Masoud Shafii, the lawyer representing jailed Americans Shane Bauer and Joshua Fattal, arrived at court Tuesday -- the day the final judge needed to sign their release order was supposed to return from vacation -- but was told that the judge was not in.
"I went to the court as I was told [by the judiciary], but the judge whose signature we needed is not back to work yet … They said they will contact me as soon as the judge comes back to work," Shafii told ABC News.
The continued delay of the Americans' release may be a sign of a growing rift between Iranian President Mahmoud Ahmadinejad and the country's ruling clerics, who control the courts.
Ahmadinejad announced plans to release Bauer and Fattal on $500,000 bail each last week, just ahead of his appearance before the U.N. General Assembly. Though one judge signed the paperwork Saturday, Ahmadinejad left for his meeting in New York on Monday with the two American still behind bars.
Sources in Iran told ABC News that they believe that it is unlikely Bauer and Fattal will be released while the Iranian president is in New York. The delay may be a possible attempt by Ahmadinejad's political rivals to prevent him from gaining traction on the world stage.
Bauer and Fattal's release has been beset by mixed signals since Ahmadinejad indicated a fast-track release last week. Iran's judiciary, which is directly controlled by Supreme Leader Ayatollah Ali Khamenei – swiftly reminded the public that only the courts have the power to control the release's timing.
The news of the delay also came a day after a group of four U.S. Christian and Muslim leaders who had travelled to Iran hoping to return with the two Americans said that their release is imminent. The envoys had even gone as far as to book plane tickets for the pair.
The delegation of four said after an hour-plus meeting on Saturday with Ahmadinejad, along with other senior government officials, that the release of the 29-year-old Americans would happen soon.
"We have been promised that our visit was productive and helped accelerate the [pending] release of the hikers," Nihad Awad, director of the Council on American-Islamic Relations, said Monday.
The envoys added that the Iranian government is anticipating reciprocation by the U.S. on cases of Iranian nationals jailed in America.
Episcopal Bishop of Washington John Chane told the Associated Press that although no quid-pro-quo arrangements were officially made during the meeting, "they are looking for some reciprocity here."

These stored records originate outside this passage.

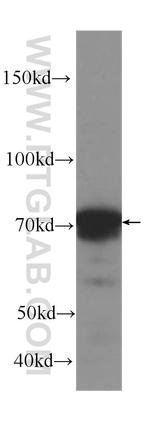 OPTN Antibody in Western Blot (WB)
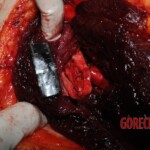 Autopsy of Chinese woman hacked with machete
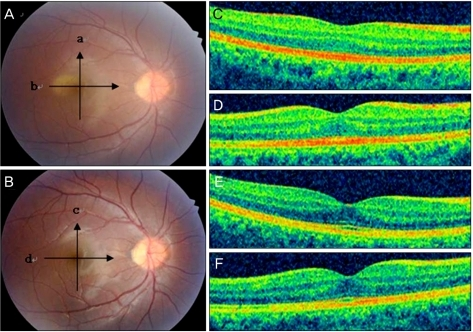 Case 2 A Fundus Photograph Showing Retinal Opacity On The Day Of Trauma Case 2 A Fundus Photograph Showing Retinal Opacity On The Day Of Trauma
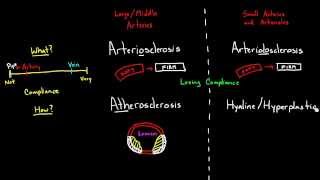 Arteriosclerosis Arteriolosclerosis and Atherosclerosis [upl. by Ethelbert]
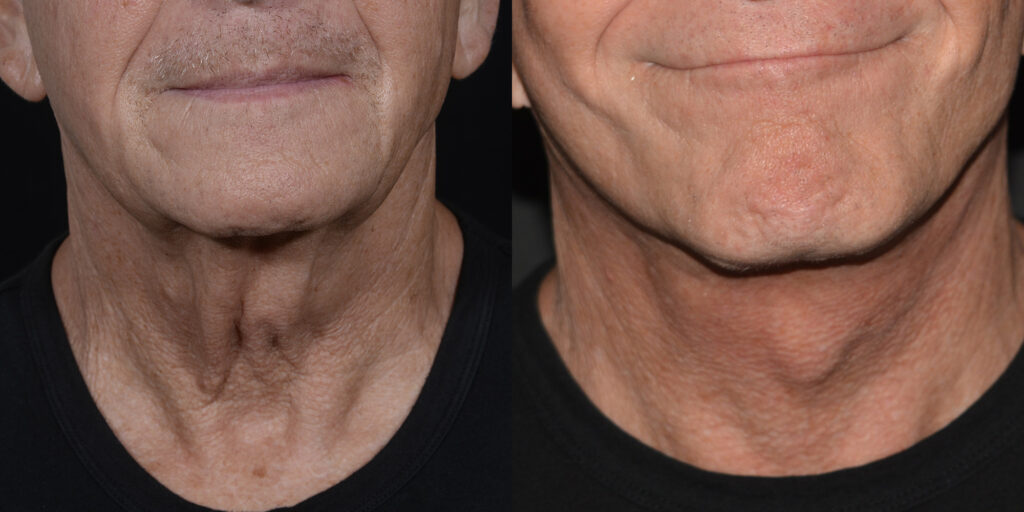 Neck Lift Before and After Photo by Craig Fournier MD in Albany, NY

The two men were convicted last month for spying and illegally entering Iran and were both sentenced to eight years in prison. They appealed the verdicts and an Iranian court set bail of $500,000 each, opening the way for their release.
Bauer, a freelance journalist, and Fattal, and environmental activist, have denied the charges, saying they were just hiking in Iraq's scenic north, and may have accidentally crossed an unmarked border with Iran.
A third American, Sarah Shourd, was detained with them, but she was released last September with mediation by Oman after her $500,000 bail was paid. The payment of bail in the cases must be arranged through third parties, like Oman, due to United States' economic sanctions on Iran.